+++ Exercise inputs +++

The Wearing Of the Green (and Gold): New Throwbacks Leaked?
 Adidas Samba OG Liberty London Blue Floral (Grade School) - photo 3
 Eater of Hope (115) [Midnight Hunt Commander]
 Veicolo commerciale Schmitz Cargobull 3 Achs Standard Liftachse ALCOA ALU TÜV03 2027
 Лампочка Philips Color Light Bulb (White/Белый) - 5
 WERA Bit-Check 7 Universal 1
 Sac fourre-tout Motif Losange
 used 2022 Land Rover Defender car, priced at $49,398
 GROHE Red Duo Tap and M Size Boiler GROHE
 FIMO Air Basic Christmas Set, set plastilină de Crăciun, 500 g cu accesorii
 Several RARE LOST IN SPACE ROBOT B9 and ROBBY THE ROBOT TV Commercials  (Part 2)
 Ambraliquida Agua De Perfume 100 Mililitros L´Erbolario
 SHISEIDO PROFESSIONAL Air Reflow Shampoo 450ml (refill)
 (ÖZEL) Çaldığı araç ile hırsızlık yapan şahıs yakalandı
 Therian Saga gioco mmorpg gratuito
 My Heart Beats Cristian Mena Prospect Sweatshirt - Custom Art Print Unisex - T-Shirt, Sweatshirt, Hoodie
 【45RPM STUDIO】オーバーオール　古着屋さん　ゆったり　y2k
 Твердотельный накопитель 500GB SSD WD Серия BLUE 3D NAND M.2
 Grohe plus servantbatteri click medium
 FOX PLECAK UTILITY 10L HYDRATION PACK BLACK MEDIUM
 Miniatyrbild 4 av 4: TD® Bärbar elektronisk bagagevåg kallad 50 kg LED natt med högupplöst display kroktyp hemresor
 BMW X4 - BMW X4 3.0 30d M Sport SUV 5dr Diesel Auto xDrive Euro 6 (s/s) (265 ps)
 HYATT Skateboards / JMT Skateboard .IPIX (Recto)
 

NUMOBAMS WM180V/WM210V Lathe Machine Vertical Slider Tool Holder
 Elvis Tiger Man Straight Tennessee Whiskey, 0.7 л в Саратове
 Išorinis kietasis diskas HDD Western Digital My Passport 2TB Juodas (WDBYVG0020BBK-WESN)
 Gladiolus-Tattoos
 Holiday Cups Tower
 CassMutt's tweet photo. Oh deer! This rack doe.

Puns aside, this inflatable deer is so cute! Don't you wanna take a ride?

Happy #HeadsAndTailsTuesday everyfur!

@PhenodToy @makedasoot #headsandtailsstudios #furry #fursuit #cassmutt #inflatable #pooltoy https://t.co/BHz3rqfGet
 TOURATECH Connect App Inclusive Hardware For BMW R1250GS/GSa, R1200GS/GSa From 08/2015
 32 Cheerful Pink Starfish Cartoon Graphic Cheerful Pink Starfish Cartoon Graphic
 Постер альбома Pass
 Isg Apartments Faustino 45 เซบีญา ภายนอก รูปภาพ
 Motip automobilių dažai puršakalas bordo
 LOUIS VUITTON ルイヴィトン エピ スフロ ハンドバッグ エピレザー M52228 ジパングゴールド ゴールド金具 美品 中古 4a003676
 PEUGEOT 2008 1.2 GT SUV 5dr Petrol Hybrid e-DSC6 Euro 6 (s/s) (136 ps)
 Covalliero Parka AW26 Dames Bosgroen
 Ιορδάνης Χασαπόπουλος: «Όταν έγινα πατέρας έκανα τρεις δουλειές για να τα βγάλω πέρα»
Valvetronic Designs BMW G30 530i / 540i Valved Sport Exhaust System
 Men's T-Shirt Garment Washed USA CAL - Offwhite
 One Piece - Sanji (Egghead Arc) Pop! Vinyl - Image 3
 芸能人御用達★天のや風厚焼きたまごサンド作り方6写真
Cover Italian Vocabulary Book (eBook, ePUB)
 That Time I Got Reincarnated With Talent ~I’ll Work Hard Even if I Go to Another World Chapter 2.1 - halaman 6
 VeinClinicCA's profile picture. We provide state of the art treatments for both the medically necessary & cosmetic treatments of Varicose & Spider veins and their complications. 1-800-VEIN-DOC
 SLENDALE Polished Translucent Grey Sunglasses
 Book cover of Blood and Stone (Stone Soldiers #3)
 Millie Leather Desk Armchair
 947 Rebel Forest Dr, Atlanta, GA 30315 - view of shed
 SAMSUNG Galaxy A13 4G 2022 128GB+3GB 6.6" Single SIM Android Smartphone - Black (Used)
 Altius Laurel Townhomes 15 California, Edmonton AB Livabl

+++

What is the number of lines in the data above that contain the word "inflatable"? Report the figure only.

2